» Exercise description:
Below this line are records; write out exactly the lines from the one containing "Paperback Remarks on" through the one containing "Perito Criminal - Área 17 Engenharia", with the pictures left out.

» Supplied entries:
[Start of Attachment]

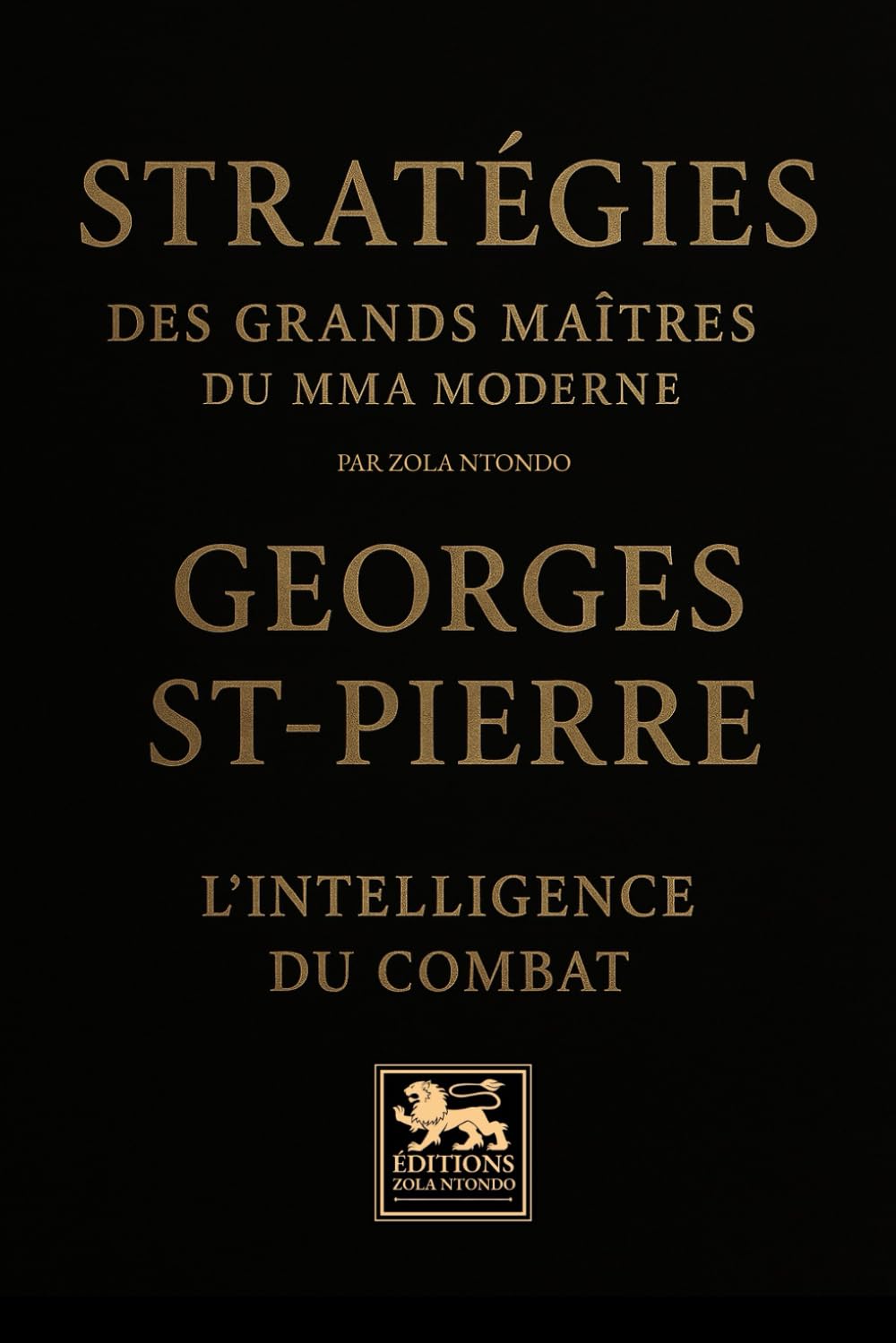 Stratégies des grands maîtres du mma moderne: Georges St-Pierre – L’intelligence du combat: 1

[End of Attachment]
[Start of Attachment]

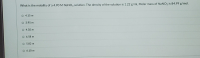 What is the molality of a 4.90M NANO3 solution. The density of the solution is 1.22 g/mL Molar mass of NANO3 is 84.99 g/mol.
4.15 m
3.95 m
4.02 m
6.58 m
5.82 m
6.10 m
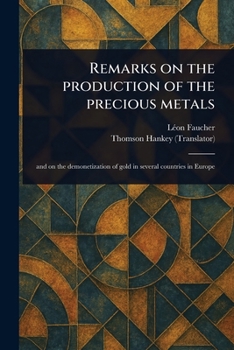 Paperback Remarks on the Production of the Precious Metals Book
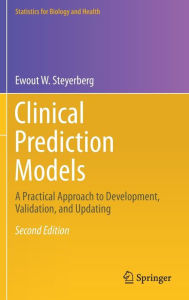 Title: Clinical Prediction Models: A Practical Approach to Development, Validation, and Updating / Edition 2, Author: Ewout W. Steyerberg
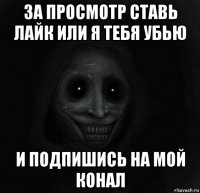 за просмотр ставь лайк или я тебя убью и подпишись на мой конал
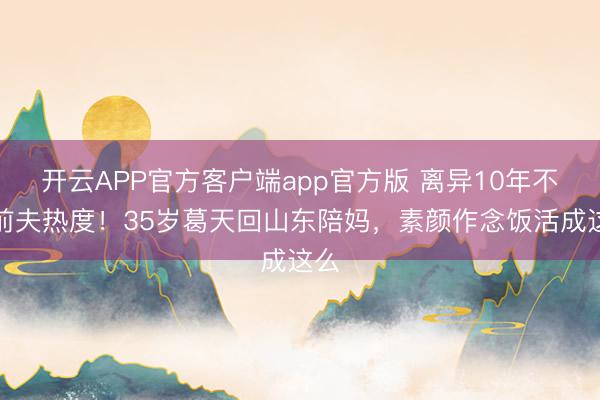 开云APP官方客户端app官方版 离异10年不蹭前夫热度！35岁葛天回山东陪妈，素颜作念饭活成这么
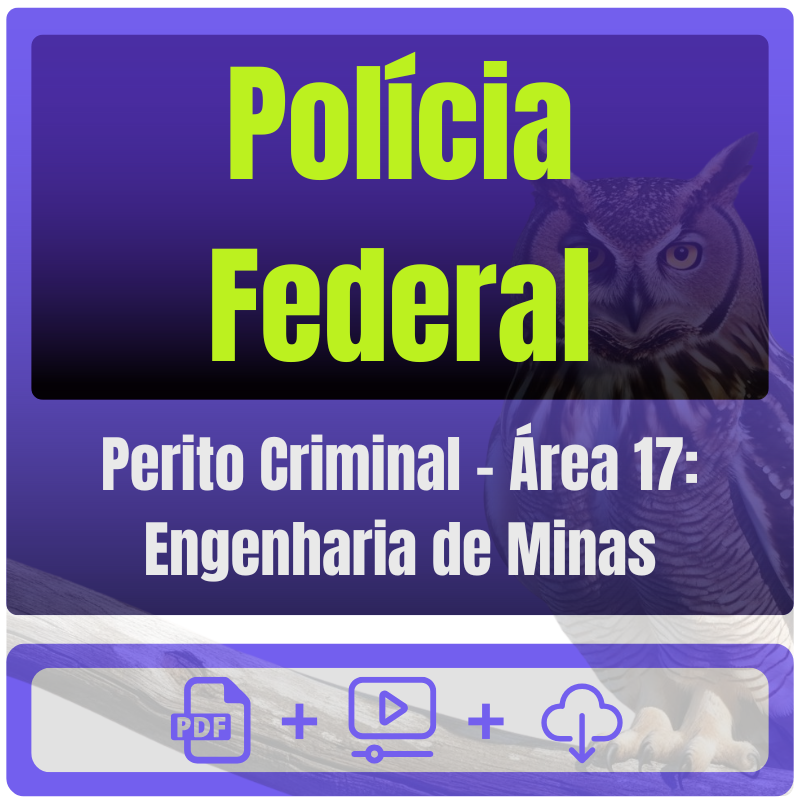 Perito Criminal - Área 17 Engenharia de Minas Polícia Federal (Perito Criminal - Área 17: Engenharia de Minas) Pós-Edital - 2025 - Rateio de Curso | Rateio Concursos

[End of Attachment]

» Response area:
 Paperback Remarks on the Production of the Precious Metals Book
 Title: Clinical Prediction Models: A Practical Approach to Development, Validation, and Updating / Edition 2, Author: Ewout W. Steyerberg
 за просмотр ставь лайк или я тебя убью и подпишись на мой конал
 开云APP官方客户端app官方版 离异10年不蹭前夫热度！35岁葛天回山东陪妈，素颜作念饭活成这么
 Perito Criminal - Área 17 Engenharia de Minas Polícia Federal (Perito Criminal - Área 17: Engenharia de Minas) Pós-Edital - 2025 - Rateio de Curso | Rateio Concursos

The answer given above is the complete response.